Sahabatnya itu berusaha mendorong tubuh Aster sekuat tenaga. "Sesak ini sesak!" Tangannya menahan kedua bahu Aster agar tak lagi memeluknya, tapi perempuan satu ini begitu keras kepala dan berhasil merangkul Vanesa. "Kamar pala lo kotak. Ngelindur ya?"
Aster merenggangkan jarak keduanya, menatap Vanesa dengan mata lebar. "Masa nih ya! Tadi itu gue ngimpi aneh! Gue jadi putri di Istana terus ada pelayan namanya Sari."
"Idih, ngimpi gitu doang. Udah, lepasin gue! Gue masih normal nggak mau disangka kelainan. Mending lo belajar lagi deh."

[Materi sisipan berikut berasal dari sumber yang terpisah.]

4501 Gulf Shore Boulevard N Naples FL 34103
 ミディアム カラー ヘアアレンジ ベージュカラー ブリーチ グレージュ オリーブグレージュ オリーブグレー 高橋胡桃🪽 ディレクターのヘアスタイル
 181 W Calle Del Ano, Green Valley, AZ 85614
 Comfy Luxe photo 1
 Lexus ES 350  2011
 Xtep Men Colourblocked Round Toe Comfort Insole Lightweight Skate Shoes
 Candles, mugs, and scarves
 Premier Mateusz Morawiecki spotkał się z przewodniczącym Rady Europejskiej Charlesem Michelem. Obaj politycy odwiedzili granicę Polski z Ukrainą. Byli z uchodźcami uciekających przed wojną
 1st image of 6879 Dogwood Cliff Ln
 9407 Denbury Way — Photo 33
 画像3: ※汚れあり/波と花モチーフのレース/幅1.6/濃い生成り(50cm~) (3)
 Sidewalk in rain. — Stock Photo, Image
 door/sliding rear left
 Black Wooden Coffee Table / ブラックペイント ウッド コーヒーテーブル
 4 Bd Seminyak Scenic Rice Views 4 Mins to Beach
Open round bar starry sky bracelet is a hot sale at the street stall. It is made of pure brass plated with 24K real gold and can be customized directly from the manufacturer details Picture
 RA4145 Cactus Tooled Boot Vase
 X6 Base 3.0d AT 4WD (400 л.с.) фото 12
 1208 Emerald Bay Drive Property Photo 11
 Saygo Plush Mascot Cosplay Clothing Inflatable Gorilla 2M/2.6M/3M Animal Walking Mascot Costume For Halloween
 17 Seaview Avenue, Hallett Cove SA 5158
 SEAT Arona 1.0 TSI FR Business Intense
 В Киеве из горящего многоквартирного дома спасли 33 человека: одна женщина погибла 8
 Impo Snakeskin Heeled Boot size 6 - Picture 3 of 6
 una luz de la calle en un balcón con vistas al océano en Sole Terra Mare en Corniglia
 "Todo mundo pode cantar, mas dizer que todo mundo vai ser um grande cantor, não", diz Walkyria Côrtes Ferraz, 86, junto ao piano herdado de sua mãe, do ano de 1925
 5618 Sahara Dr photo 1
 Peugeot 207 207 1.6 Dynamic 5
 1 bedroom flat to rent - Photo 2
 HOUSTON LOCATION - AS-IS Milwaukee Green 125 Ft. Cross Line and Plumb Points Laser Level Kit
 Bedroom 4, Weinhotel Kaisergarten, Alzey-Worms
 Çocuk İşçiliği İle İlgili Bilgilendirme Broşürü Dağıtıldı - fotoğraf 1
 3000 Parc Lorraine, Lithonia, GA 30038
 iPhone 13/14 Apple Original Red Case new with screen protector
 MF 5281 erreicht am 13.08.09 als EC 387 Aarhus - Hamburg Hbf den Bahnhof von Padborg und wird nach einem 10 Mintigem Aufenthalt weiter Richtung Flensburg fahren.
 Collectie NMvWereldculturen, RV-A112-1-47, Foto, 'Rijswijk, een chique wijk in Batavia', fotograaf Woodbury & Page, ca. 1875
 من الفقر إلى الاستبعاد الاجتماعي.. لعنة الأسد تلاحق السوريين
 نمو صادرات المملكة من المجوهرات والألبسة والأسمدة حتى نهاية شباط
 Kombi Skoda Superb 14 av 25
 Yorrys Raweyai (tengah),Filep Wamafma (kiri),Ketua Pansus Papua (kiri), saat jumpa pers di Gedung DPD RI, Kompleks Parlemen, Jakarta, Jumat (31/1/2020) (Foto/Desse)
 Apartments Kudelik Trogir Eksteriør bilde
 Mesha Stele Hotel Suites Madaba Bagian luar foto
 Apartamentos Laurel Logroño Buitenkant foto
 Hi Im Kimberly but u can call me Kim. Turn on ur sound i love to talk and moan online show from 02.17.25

Aster melepas rangkulan di pinggul Vanesa sebab merasakan adanya ikat pinggang. Ia melirik pakaian yang melekat di tubuh sahabatnya dengan lamat-lamat dari atas sampai bawah. Atasan putih berjas identitas dengan bawahan rok pendek kotak-kotak.
"Eh, kok ..."
Aster kembali bercermin melihat diri sendiri. Ia mengangkat kedua tangan dan pakaian yang sama juga ia kenakan. Terakhir kali bukankah Aster mengenakan baju tidur? "... Kok kita bisa pakai seragam sekolah hari Senin sih, Nes?
"Iyalah, kan ini hari Senin. Gimana sih lo? Eh, gimana tuh belajar sistem kebut semalem udah kelar?"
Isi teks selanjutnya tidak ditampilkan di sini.